There is a peculiar habit in Ottawa that reveals itself most clearly in defence procurement. It is the habit of mistaking alignment for dependence, cooperation for deference, and interoperability for inevitability. The proposed Canadian Forces space command and control project, now quietly priced somewhere between two hundred and four hundred million dollars, is a textbook example. What should be a sober discussion about Canadian sovereignty in the most strategic domain of the twenty-first century has instead become another case study in how deeply the senior civilian and uniformed leadership of the Department of National Defence has been captured by American assumptions, priorities, and frameworks.

The issue is not that Canada works closely with the United States in space. That is both unavoidable and desirable. The issue is that DND increasingly appears incapable of imagining a serious military capability that does not begin with the question, “How does the U.S. do this?” rather than, “What does Canada actually need?” When briefing notes openly frame U.S. assistance as a foundational requirement rather than an optional enhancement, the problem is no longer technical. It is cultural. Strategic thinking has been outsourced long before any contract is signed.

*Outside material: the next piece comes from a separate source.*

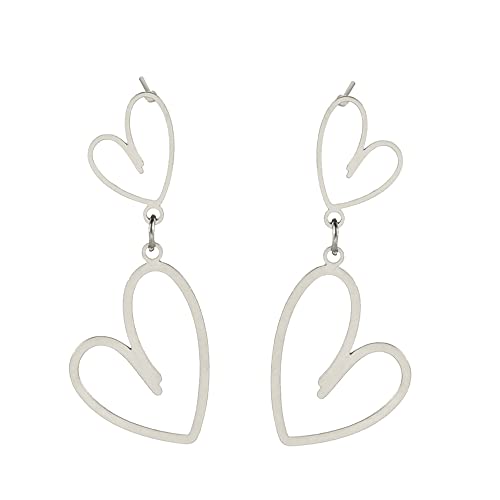 EUEAVAN Earrings orecchini cuore asimmetrici argento
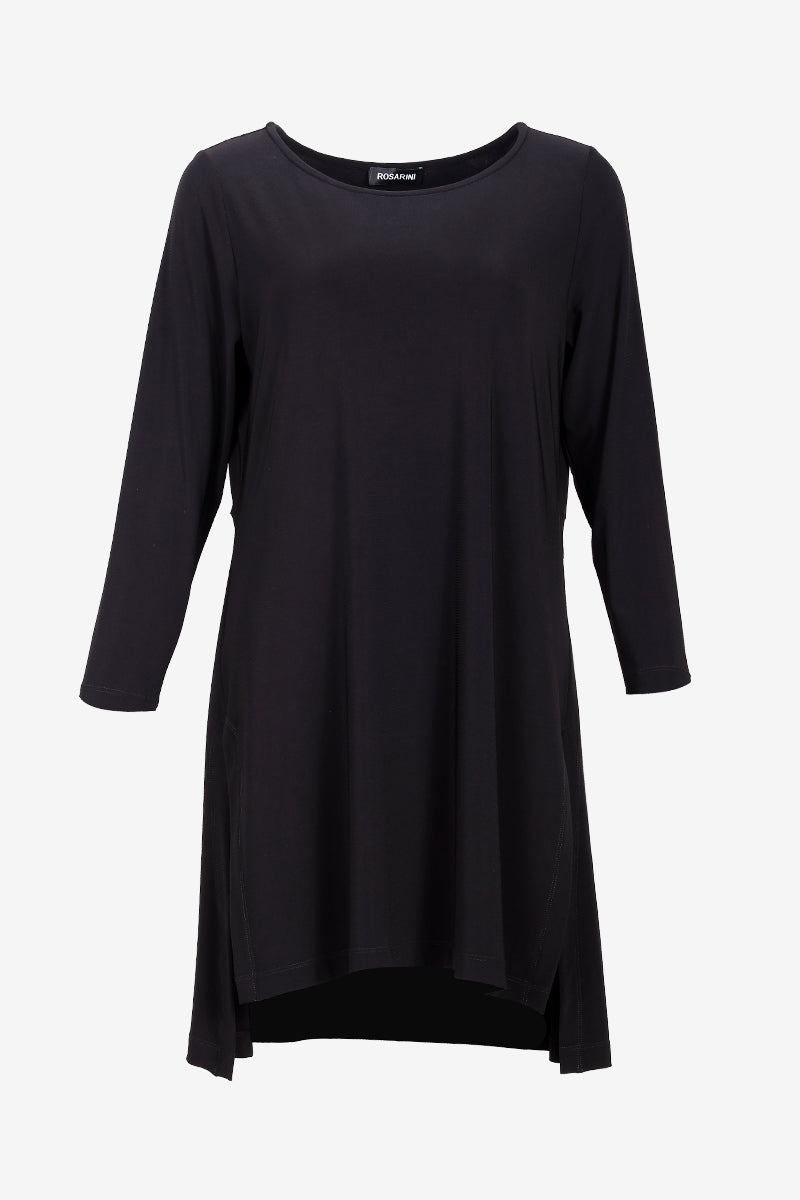 Tunic Top Women/cotton Tunic Dress/asymmetrical T-shirt/long Tops/crew Neck  Top/black Tunic Dress/bell Sleeve Dress Q2061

This is institutional capture, not conspiracy. It happens when careers are built inside allied command structures, when promotion rewards smooth interoperability rather than independent judgment, and when senior civilians absorb the same assumptions as the generals they are meant to challenge. Over time, the centre of gravity shifts. Canadian officers and officials begin to see American systems as the default, American timelines as the clock, and American doctrine as neutral truth rather than national preference. At that point, sovereignty is not surrendered dramatically. It simply fades into the background.
The space project exposes this drift with unusual clarity. Space command and control is not a niche capability. It sits at the intersection of intelligence, surveillance, targeting, Arctic defence, and escalation control. A system that cannot function independently in a crisis, even for a limited period, is not a sovereign capability. It is a terminal plugged into someone else’s infrastructure. Yet DND’s language suggests comfort with exactly that outcome, as though Canada’s role is to be a well-behaved node in an American-led network rather than a state with its own strategic thresholds and political constraints.
This is where the Carney government must act decisively, and quickly. Defence reform cannot be limited to budgets and white papers. The problem is not primarily money. It is leadership. Both the senior civilian ranks and the uniformed command structure at DND require a reset in incentives, expectations, and worldview. Canada needs defence leaders who are capable of working with the United States without being intellectually subordinate to it, who understand that alliance management is not the same thing as strategic abdication.
Strategic changes at the top of DND are therefore not punitive. They are corrective. The Carney government should be looking for leaders with demonstrated experience outside permanent U.S. frameworks, leaders who have worked in multilateral, civilian-led, or genuinely independent contexts. It should be asking hard questions about how often Canadian alternatives are even presented internally before U.S. options are adopted by default. And it should be willing to rotate out senior figures who have become too comfortable treating American preferences as Canadian interests.
None of this requires anti-Americanism. It requires maturity. The United States will continue to pursue its own interests in space, just as Canada must pursue ours. True allies respect that distinction. What they do not respect, and should not be encouraged to expect, is quiet compliance dressed up as partnership.
Space is not just another procurement file. If Canada cannot think clearly about sovereignty there, it will not think clearly about it anywhere. The danger is not that Canada will anger Washington. The danger is that Canada will stop mattering to itself. That is a failure no ally can fix for us, and no amount of interoperability will excuse.